Once the flakes hit the ground, their structure and shape become even more important. When I look out my window, after a snowfall, I see an unbroken winter landscape - a sea of white. However, if I get up close, the interactions of the individual snowflakes leads to clumps through intermolecular forces.
This is something most kids intrinsically understand. Powder snow makes for lousy snowballs and snowmen. Even wet powder snow doesn't always have the cohesion for rolling into a ball. Similar, a blizzard of hard, sharp ice crystals doesn't allow a good snow fort to be built.
To build a good snow sculpture you need wet, semi-flaky stuff. It has to have good internal cohesion so everything stays stuck together but not be so water-laden that it is too heavy to move. Graupel is simply not suitable.
Graupel is fragile enough that it falls apart when touched. It is the white chunky snow that often accompanies ice crystals and looks like tiny pieces of Styrofoam.
In the mountains, the different types of snow can have a significant impact on slope stability. Dry snowflakes layered with graupel and covered by a heavy wet snow could be an accident waiting to happen. This is why back-country enthusiasts are encouraged to dig straight wall pits to check out the structure of the snow layers, particularly in areas prone to avalanche.
There is other science in an avalanche beyond snow structure. The angle of the slope is critical. Below about 25 degrees there is not enough force to start an avalanche. Above 60 degrees, the slope tends to self-clean as it is too steep to hold snow in the first place.
It is only between these limits that an avalanche can start. However, once it gets going, it can travel over shallower and steeper terrain. Indeed, all avalanches can be characterized by three zones: the start, the track and the run-out.
Typically, the starting zone will be above the tree line and near a ridge which will allow for a deep accumulation of snow. Start zones also tend to be on the leeward side away from the wind. The structure of the snow is typically layered as a result of changes in temperature.

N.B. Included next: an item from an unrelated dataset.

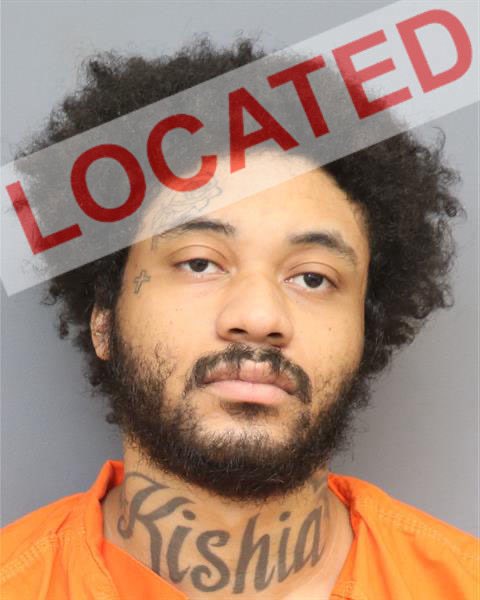 This morning, members of the CCSO, the United States, Marshals Service, and the United States Park Police located Watkins. He is being held at the Charles County Detention Center.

In essence, a freeze-thaw cycle can result in a layered structure mixing ice and heavy snow layers above and below layers of light, less dense material.
The result is sufficiently unstable that minor triggers can set a slab moving. As the snow moves down the track and into the run-out, scientists have been able to demonstrate that there are two general types of avalanche flows.
Dry avalanches are caused by too much stress in the snowpack. They consist of dry, individual particles of snow that move very quickly and generate a billowing cloud. These sorts of avalanches roar above the surface, reaching speeds as high as 130 km-h although they can pick up speed as they move downhill.
They don't tend to have much mass to them. Rather it is the force of the wind they generate that results in damage. A dry avalanche on Everest after the Nepal earthquake blew people and equipment hundreds of metres. Most of the casualties arose from hikers crashing into objects rather than being buried in snow.
Wet flows, on the other hand, are a result of the ultimate failure in the strength of the snowpack. They move much slower with speeds typically between 15 and 60 km-h. They are more massive and bear a strong resemblance to the sluffing of wet concrete. The shear mass involved can knock down trees and buildings. They are also more prone to burying any victims.
Many scientists study avalanches to both try to predict where they might occur and how to minimize both the loss of life and the damage they cause.
One thing that these scientists know for sure is that graupel is a dangerous component in any snow pack. It can act like tiny ball bearings and get the whole thing rolling.